[[ INFORMATION GIVEN, beginning ]]

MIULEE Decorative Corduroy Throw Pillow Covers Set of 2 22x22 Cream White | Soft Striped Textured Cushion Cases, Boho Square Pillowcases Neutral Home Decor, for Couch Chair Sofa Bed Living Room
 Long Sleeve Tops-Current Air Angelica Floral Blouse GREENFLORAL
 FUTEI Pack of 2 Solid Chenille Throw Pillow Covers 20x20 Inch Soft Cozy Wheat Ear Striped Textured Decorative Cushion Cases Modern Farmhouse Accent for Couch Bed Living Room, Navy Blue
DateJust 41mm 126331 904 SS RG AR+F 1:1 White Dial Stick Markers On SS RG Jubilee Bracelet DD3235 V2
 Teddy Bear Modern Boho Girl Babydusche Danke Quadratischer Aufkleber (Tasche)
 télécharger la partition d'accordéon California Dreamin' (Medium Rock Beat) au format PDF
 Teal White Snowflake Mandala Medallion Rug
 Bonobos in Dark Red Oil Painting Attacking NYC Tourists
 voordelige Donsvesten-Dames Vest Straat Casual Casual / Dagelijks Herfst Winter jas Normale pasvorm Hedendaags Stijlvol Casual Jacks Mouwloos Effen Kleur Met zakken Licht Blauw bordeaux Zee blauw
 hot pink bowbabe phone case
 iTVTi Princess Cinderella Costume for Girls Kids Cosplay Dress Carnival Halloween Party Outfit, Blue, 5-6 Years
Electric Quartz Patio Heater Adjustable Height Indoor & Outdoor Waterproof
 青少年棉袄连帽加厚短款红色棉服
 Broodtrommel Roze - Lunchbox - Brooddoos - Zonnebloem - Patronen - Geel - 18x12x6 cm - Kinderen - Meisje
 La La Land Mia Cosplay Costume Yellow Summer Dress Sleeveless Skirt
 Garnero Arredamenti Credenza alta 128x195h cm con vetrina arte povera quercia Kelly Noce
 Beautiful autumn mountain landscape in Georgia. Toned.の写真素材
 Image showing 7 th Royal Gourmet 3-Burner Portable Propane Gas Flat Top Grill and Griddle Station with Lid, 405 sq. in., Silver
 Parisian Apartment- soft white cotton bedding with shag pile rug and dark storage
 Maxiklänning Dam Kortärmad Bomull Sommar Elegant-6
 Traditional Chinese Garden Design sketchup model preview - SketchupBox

[[ INFORMATION GIVEN, end ]]

TASK REQUIREMENTS
Repeat the whole of the data above exactly, keeping every word.

ANSWER SPACE
MIULEE Decorative Corduroy Throw Pillow Covers Set of 2 22x22 Cream White | Soft Striped Textured Cushion Cases, Boho Square Pillowcases Neutral Home Decor, for Couch Chair Sofa Bed Living Room
 Long Sleeve Tops-Current Air Angelica Floral Blouse GREENFLORAL
 FUTEI Pack of 2 Solid Chenille Throw Pillow Covers 20x20 Inch Soft Cozy Wheat Ear Striped Textured Decorative Cushion Cases Modern Farmhouse Accent for Couch Bed Living Room, Navy Blue
DateJust 41mm 126331 904 SS RG AR+F 1:1 White Dial Stick Markers On SS RG Jubilee Bracelet DD3235 V2
 Teddy Bear Modern Boho Girl Babydusche Danke Quadratischer Aufkleber (Tasche)
 télécharger la partition d'accordéon California Dreamin' (Medium Rock Beat) au format PDF
 Teal White Snowflake Mandala Medallion Rug
 Bonobos in Dark Red Oil Painting Attacking NYC Tourists
 voordelige Donsvesten-Dames Vest Straat Casual Casual / Dagelijks Herfst Winter jas Normale pasvorm Hedendaags Stijlvol Casual Jacks Mouwloos Effen Kleur Met zakken Licht Blauw bordeaux Zee blauw
 hot pink bowbabe phone case
 iTVTi Princess Cinderella Costume for Girls Kids Cosplay Dress Carnival Halloween Party Outfit, Blue, 5-6 Years
Electric Quartz Patio Heater Adjustable Height Indoor & Outdoor Waterproof
 青少年棉袄连帽加厚短款红色棉服
 Broodtrommel Roze - Lunchbox - Brooddoos - Zonnebloem - Patronen - Geel - 18x12x6 cm - Kinderen - Meisje
 La La Land Mia Cosplay Costume Yellow Summer Dress Sleeveless Skirt
 Garnero Arredamenti Credenza alta 128x195h cm con vetrina arte povera quercia Kelly Noce
 Beautiful autumn mountain landscape in Georgia. Toned.の写真素材
 Image showing 7 th Royal Gourmet 3-Burner Portable Propane Gas Flat Top Grill and Griddle Station with Lid, 405 sq. in., Silver
 Parisian Apartment- soft white cotton bedding with shag pile rug and dark storage
 Maxiklänning Dam Kortärmad Bomull Sommar Elegant-6
 Traditional Chinese Garden Design sketchup model preview - SketchupBox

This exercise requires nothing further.